Almost nine years later, and unfortunately there's no out-of-the-box solution that I know of. So I'm still looking into xp_dirtree and need a solution to this.
I gave Arion's answer a try and found that it was producing results. However, with a large file system of more than 11K objects, it was running very slowly. I saw that it was very slow even from the get go with:
UPDATE #dirtree
SET ParentId = (SELECT MAX(Id) FROM #dirtree
WHERE Depth = T1.Depth - 1 AND Id < T1.Id)
FROM #dirtree T1
Although this isn't an islands-and-gaps problem, it has some similarities and the kind of thinking with those problems has helped me here. The code at the end is my stored procedure. The sections have some comments as to what the code is doing.
You would use it like this:
exec directory
#root = 'c:\somepath',
#depth = 3,
#outputTable = '##results';
select * from ##results;
Which results in output like:
+---------------------------------+------------+------------+-----------+--------+-----------+----------+
| path | name | nameNoExt | extension | isFile | runtimeId | parentId |
+---------------------------------+------------+------------+-----------+--------+-----------+----------+
| c:\somePath\DataMovers | DataMovers | DataMovers | NULL | 0 | 4854 | NULL |
| c:\somePath\DataMovers\main.ps1 | main.ps1 | main | ps1 | 1 | 4859 | 4854 |
+---------------------------------+------------+------------+-----------+--------+-----------+----------+
I had to build it this way because internally it takes xp_dirtree output and loads it into a temp table.

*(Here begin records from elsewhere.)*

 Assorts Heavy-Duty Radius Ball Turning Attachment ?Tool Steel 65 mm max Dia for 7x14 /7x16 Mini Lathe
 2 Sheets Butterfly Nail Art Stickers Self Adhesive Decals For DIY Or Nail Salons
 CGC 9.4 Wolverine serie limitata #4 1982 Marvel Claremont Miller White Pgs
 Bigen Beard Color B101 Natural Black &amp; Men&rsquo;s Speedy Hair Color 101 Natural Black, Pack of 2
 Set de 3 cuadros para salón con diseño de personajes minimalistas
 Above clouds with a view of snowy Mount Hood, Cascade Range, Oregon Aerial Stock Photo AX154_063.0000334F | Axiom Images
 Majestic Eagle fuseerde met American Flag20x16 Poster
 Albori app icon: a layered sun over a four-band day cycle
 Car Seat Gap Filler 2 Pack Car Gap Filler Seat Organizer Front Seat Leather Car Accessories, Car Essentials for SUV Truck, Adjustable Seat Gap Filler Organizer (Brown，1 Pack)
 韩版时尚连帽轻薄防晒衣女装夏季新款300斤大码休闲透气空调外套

This prevents the ability to take the results of the proc and load them into a table outside of the proc because of the ban on nested insert-exec statements. Don't expose #outputTable to untrusted users because it is susceptible to sql-injection. Of course re-work the proc to avoid this however it meets your needs.
/*
Summary: Lists file directory contents.
Remarks: - stackoverflow.com/q/10298910
- This assumes that the tree is put in order where
subfolders are listed right under their parent
folders. If this changes in the future, a
different logic will need to be implemented.

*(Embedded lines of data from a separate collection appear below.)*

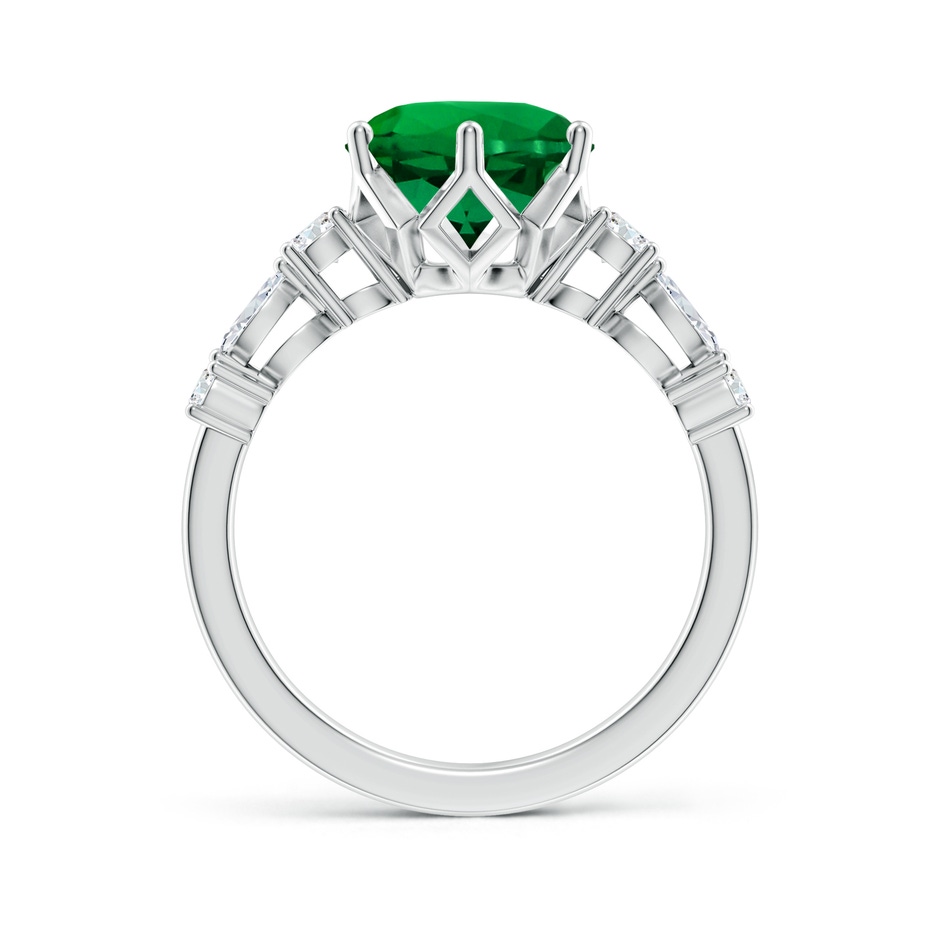 9mm Labgrown Lab-Grown Classic Round Emerald Side Stone Engagement Ring in 18K White Gold side 199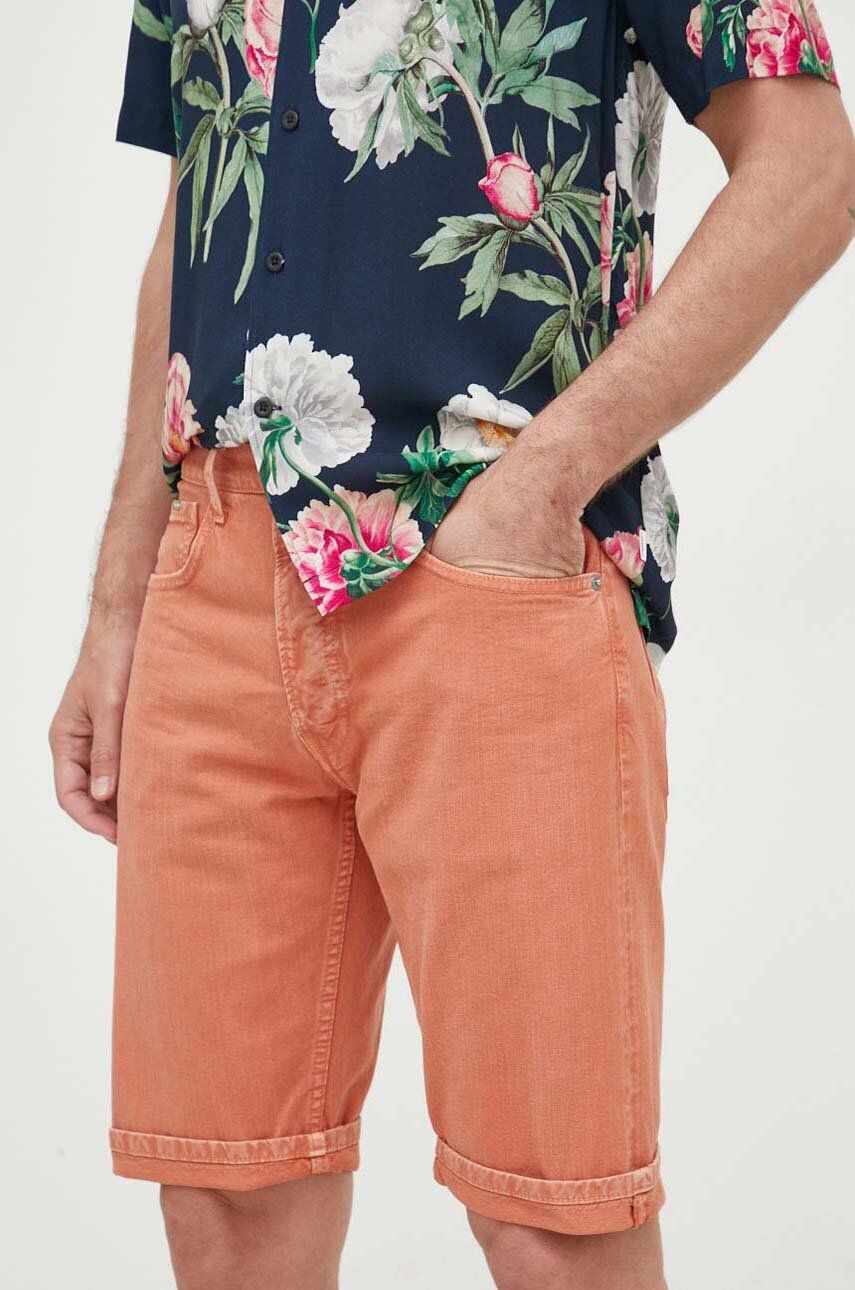 Pepe Jeans pantaloni scurti jeans Callen barbati, culoarea portocaliu
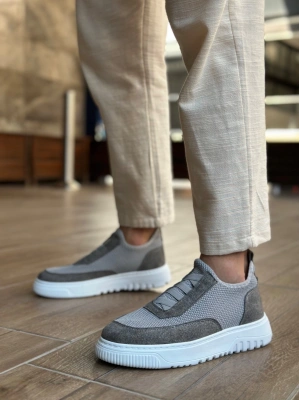 Ba0911 Özel Örme Triko Deri Tozu Detaylı Gri Günlük Spor Ayakkabı Erkek Günlük Ayakkabı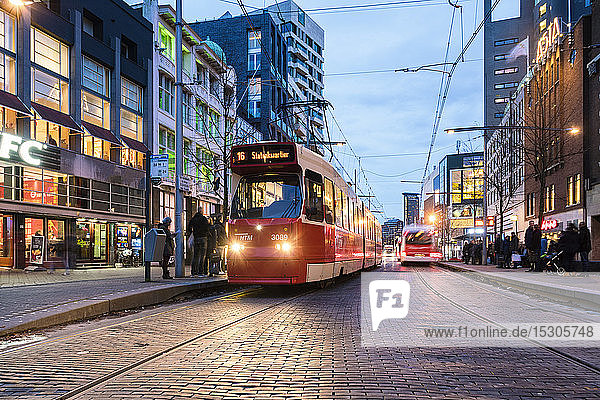 Tram stop in the evening The Hague Netherlands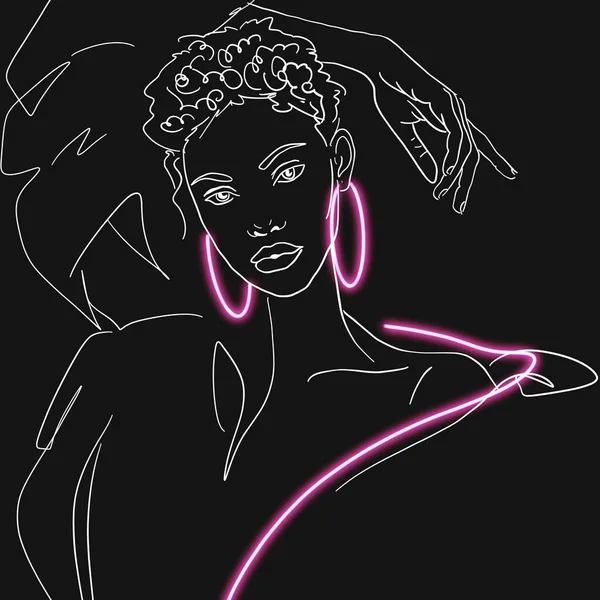 1つのラインアートスタイルの女性 暗い背景にピンクのネオンライン デザイン壁紙 — ストック写真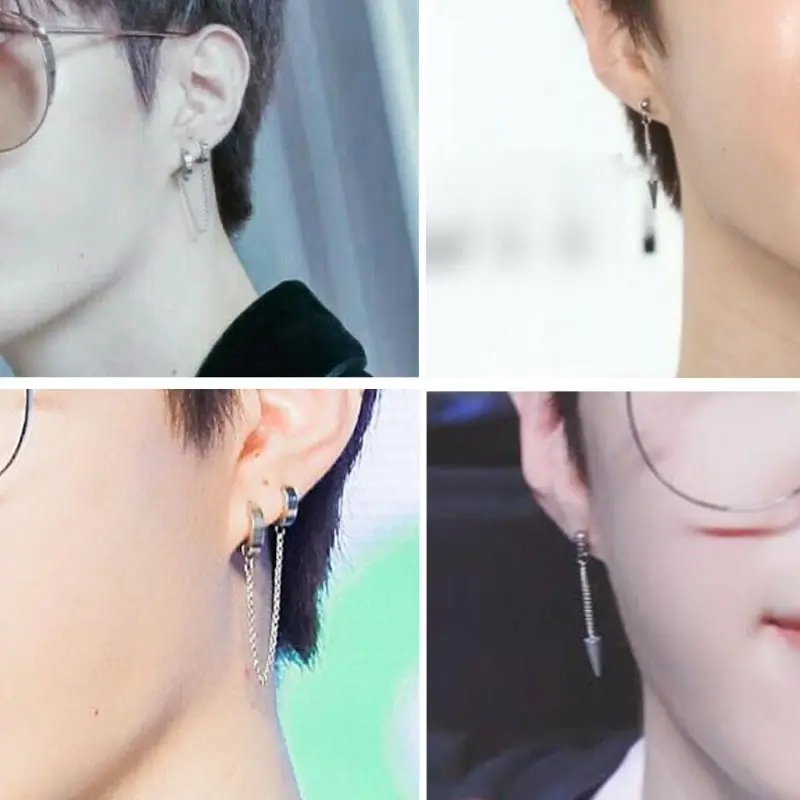 

KPOP Korean Idols Male Long Tassel Punk Earring Hip Hop Stainless Steel Jewelry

Example: exec directory 'c:\somepath', 3, '##results';
select * from ##results;
*/
create procedure directory
#root nvarchar(255),
#depth int,
#outputTable sysname
as
-- initializations
if #outputTable is null or not (left(#outputTable,2) = '##') or charindex(' ', #outputTable) > 0
throw 50000, '#outputTable must be a global temp table with no spaces in the name.', 1;
if exists (select 0 from tempdb.information_schema.tables where table_name = #outputTable)
begin
declare #msg nvarchar(255) = '''tempdb.dbo.' + #outputTable + ''' already exists.';
throw 50000, #msg, 1;
end
-- fetch the tree (it doesn't have full path names)

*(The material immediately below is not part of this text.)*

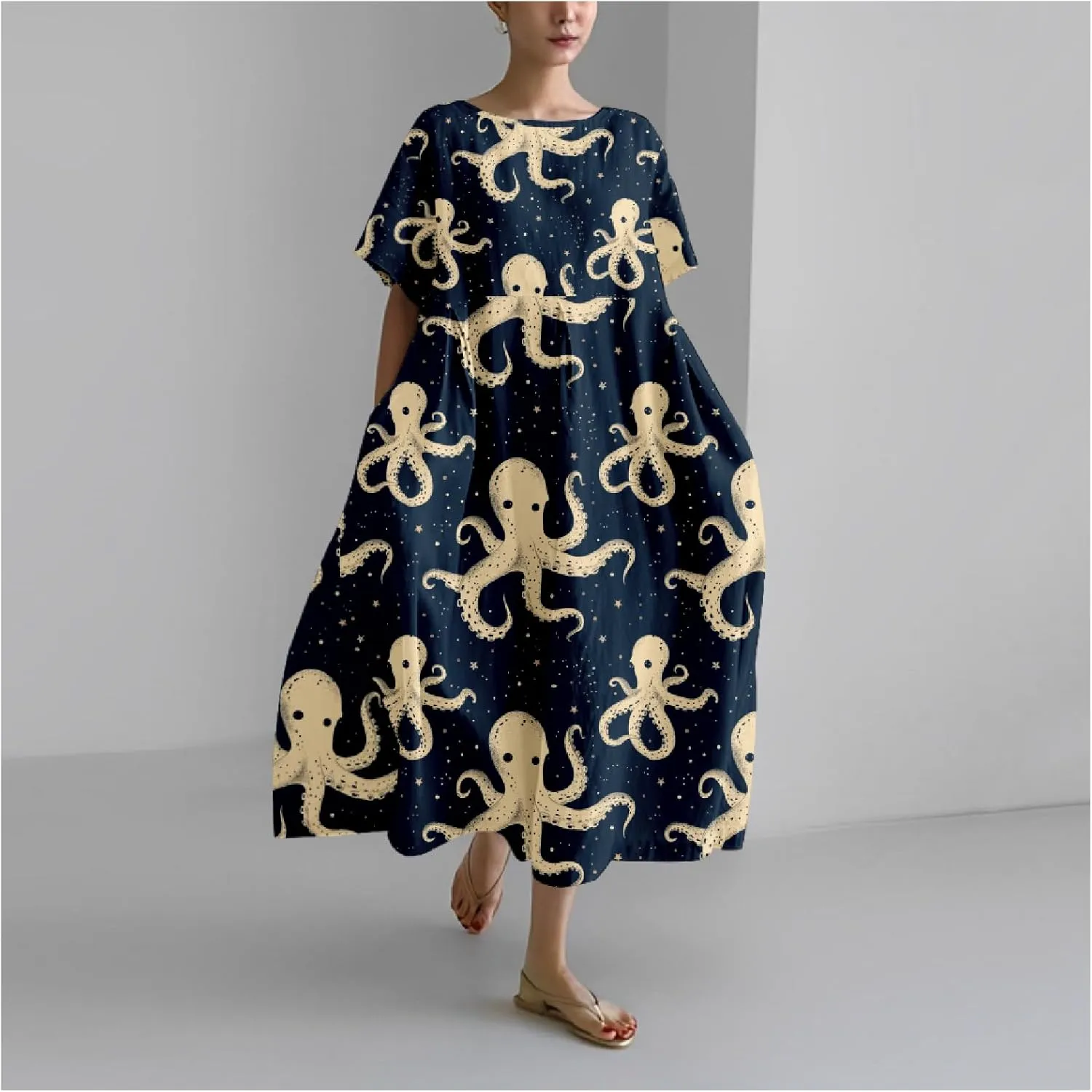 MARSVOVO Summer Dresses for Women 2024 Plus Size Classic Octopus Pattern Loose Crew Neck Short Sleeve Loose Maxi Dress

drop table if exists #dir;
create table #dir (
id int identity(1,1),
parentId int null,
path nvarchar(4000),
depth int,
isFile bit,
isLeader int default(0),
groupId int
)
insert #dir (path, depth, isFile)
exec xp_dirtree #root, #depth, 1;
-- identify the group leaders (based on a change in depth)
update d
set isLeader = _isLeader
from (
select id,
isLeader,
_isLeader = iif(depth - lag(depth) over(order by id) = 0, 0, 1)
from #dir
) d;
-- find the parents for each leader (subsetting just for leaders improves efficiency)
update #dir
set parentId = (
select max(sub.id)
from #dir sub
where sub.depth = d.depth - 1
and sub.id < d.id
and d.isLeader = 1
)
from #dir d
where d.isLeader = 1;
-- assign an identifier to each group (groups being objects that are 'siblings' of the leader)
update d
set groupId = _groupId
from (
select *, _groupId = sum(isLeader) over(order by id)
from #dir
) d;
-- set the parent id for each item based on the leader's parent id
update d
set d.parentId = leads.parentId
from #dir d
join #dir leads
on d.groupId = leads.groupId
and leads.parentId is not null;
-- convert the path names to full path names and calculate path parts
drop table if exists #pathBuilderResults;
with pathBuilder as (
select id, parentId, origId = id, path, pseudoDepth = depth
from #dir
union all
select par.id,
par.parentId,
pb.origId,
path = par.path + '\' + pb.path,
pseudoDepth = pb.pseudoDepth - 1
from pathBuilder pb
join #dir par on pb.parentId = par.id
where pb.pseudoDepth >= 2
)
select path = #root + '\' + pb.path,
name = d.path,
nameNoExt = iif(ext.value is null, d.path, left(d.path, len(d.path) - len(ext.value) - 1)),
extension = ext.value,
d.isFile,
runtimeId = pb.origId,
parentId = d.parentId
into #pathBuilderResults
from pathBuilder pb
join #dir d on pb.origId = d.id
cross apply (select value = charindex('.', d.path)) dotPos
cross apply (select value = right(d.path, len(d.path) - dotPos.value)) pseudoExt
cross apply (select value = iif(d.isFile = 1 and dotPos.value > 0, pseudoExt.value, null)) ext
where pb.pseudoDepth = 1
order by pb.origId;
-- terminate
declare #sql nvarchar(max) = 'select * into ' + #outputTable + ' from #pathBuilderResults';
exec (#sql);

Create and use sp_dirtree #Path = 'c:\', #FileOnly = 1
create or alter proc sp_dirtree
#Path nvarchar(4000)
, #Depth int = 0
, #FileOnly bit = 0
as -- Dir tree with fullpath. sergkog 2018-11-14
set nocount on
declare #Sep nchar(1) = iif(patindex('%/%',#Path) > 0,'/','\') -- windows or posix
set #Path += iif(right(#Path,1) <> #Sep, #Sep,'')
declare #dirtree table(
Id int identity(1,1)
, subdirectory nvarchar(4000) not null
, depth int not null
, is_file bit not null
, parentId int null
)
insert #dirtree(subdirectory, depth, is_file)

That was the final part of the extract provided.